Critics of robo-grading also worry it will change the way teachers teach. "If teachers are being evaluated on how well their students perform on [standardized tests that are machine-graded] and schools are being evaluated on how well they test, then teachers are going to be teaching to the test," says Perelman. And teachers will be teaching students to produce the wrong thing."
"The facts are secondary"
Indeed, being a good writer is not the same thing as being a "higher-scoring GRE essay writer," says Orion Taraban, executive director of Stellar GRE, a tutoring company in San Francisco.
"Students really need to appreciate that they're writing for a machine ... [and when students] agonize over crafting beautiful, wonderfully logically coherent and empirically validated paragraphs, it's like pearls before swine. The computer can't appreciate what this person has done and they don't get the score that they deserve."

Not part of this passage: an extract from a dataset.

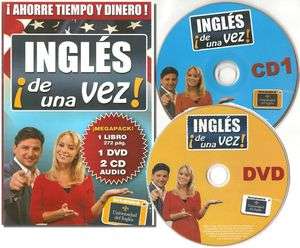 Ingles De Una Vez Softcover, 2 Audio CD, and DVD NEW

Instead, Taraban tutors students to give the computer what it wants. "I train them in fabricating evidence and fabricating fake studies, which is a lot of fun," he says, quickly adding, "but I also tell them not to do this in real life."
For example, when writing a persuasive essay, Taraban advises students to use a basic formula and get creative. It goes something like this:
"A [pick any year] study by Professor [fill in any old name] at the [insert your favorite university] in which the authors analyze [summarize the crux of the debate here], researchers discovered that [insert compelling data here] ... and that [offer more invented, persuasive evidence here.] This demonstrates that [go to town boosting your thesis here!]"

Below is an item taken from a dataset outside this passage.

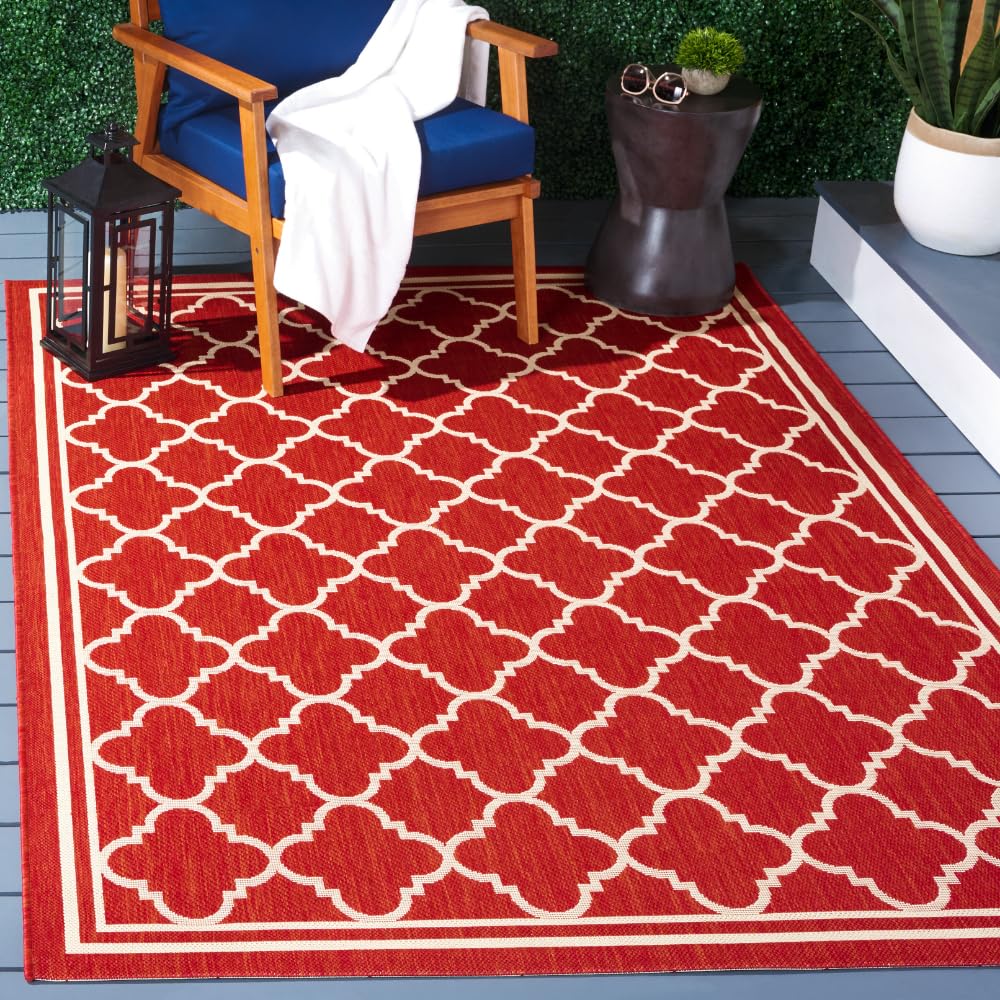 SAFAVIEH Washable Rug Outdoor Courtyard Collection - 4' x 5'7", Red & Bone, Non-Shedding & Easy Cleaning, Ideal for Patio, Backyard, Mudroom (CY6918-248)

His students do this all the time, using the name of say, their roommate, and citing that fake expert's fake research to bolster their argument. More often than not, they've been rewarded with great scores.

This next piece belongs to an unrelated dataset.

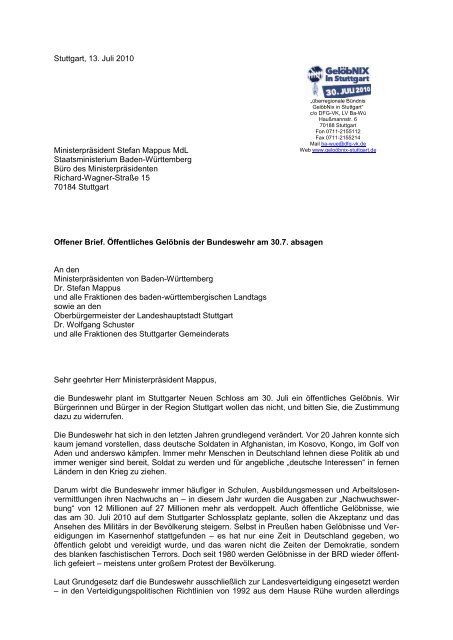 Offener Brief. Öffentliches Gelöbnis der Bundeswehr am 30.7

"Yeah, we see a lot of that," concedes Madnani, who works for ETS on the GRE automated scoring program. "But it's not the end of the world." Even human readers, who may have two minutes to read each essay, would not take the time to fact check those kind of details, he says. "But if the goal of the assessment is to test whether you are a good English writer, then the facts are secondary."
It's a different story on achievement tests that are meant to test a student's mastery of history, for example. In those cases it would matter if a student writes that the War of 1812 began in 1945. AI systems can check facts against a database, he says, but that only works on very narrow questions. "If you might have millions of facts that could come in, there's no possible way any automated system could verify all of them," he says. "So that's why we have humans in the loop."
Ultimately, he says, computer programs are doing what they were designed to do: to assess whether a student knows how to construct an essay, with a thesis, evidence, and a conclusion, all in good English. It's true that a transitional phrase like "in conclusion" signals to the algorithm that you've got one, just as "firstly," "secondly," and "thirdly," broadcasts that a student is moving through a multifaceted argument. Purists may turn their nose up at that kind of formulaic writing, but as developers note, the computers learn what good writing is from teachers, and just mirror that. "Only if teachers think that writing 'in conclusion' is a good structure to use, then students will tend to be rewarded for it," says Foltz, from Pearson.
So, in conclusion, robo-grading technology may indeed be "demonstrating proficiency" and "learning new skills." But experts say, it's also still got plenty of "room for improvement."